The 1978 Declaration of Alma-Ata was a seminal moment in the history of PHC.3 Adopted at the International Conference on PHC in the former Kazakh Soviet Socialist Republic that is now Kazakhstan, it birthed a global movement for PHC. Governments, WHO, United Nations Children’s Fund (UNICEF) and major global health actors pledged to protect and promote the health of all people in the world and recognised PHC as essential and fundamental to a country’s health system, inextricably linked to its socioeconomic development.

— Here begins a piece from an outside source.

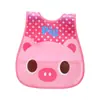 Babero eva babero bebé suministros para niños babero de comida impermeable ropa para comer comercio exterior transfronterizo exclusivo para venta directa de fábrica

The declaration provided a framework for the redesign of health systems and called for stakeholders to collaborate on urgent and effective action—both nationally and internationally—to develop, implement and maintain PHC throughout the world.

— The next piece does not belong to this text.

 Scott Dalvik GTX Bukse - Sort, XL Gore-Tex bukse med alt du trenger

Fast forward 4 decades since this visionary and ambitious declaration, the uptake of PHC has helped to raise global standards of healthcare and improved health.4 However, many people in all parts of the world, particularly the poor and vulnerable, continue to have unaddressed health needs, including care for non-communicable and communicable diseases, maternal and child health, mental health, and sexual and reproductive health. Amid the growing needs and emerging health challenges of the 21st century, the vision of Alma-Ata has yet to be realised, largely because of maximising immediate impact through an emphasis on single-disease interventions rather than building comprehensive health systems. Emblematic are the ubiquitous health systems founded on targeted programmes, specialist-led care and intensive use of medical technology. These systems overestimate the benefits of efforts to cure, rather than to prevent disease or to promote health. Other contributory factors include insufficient intersectoral engagement, unregulated commercialisation and suboptimal use of evidence-based policies.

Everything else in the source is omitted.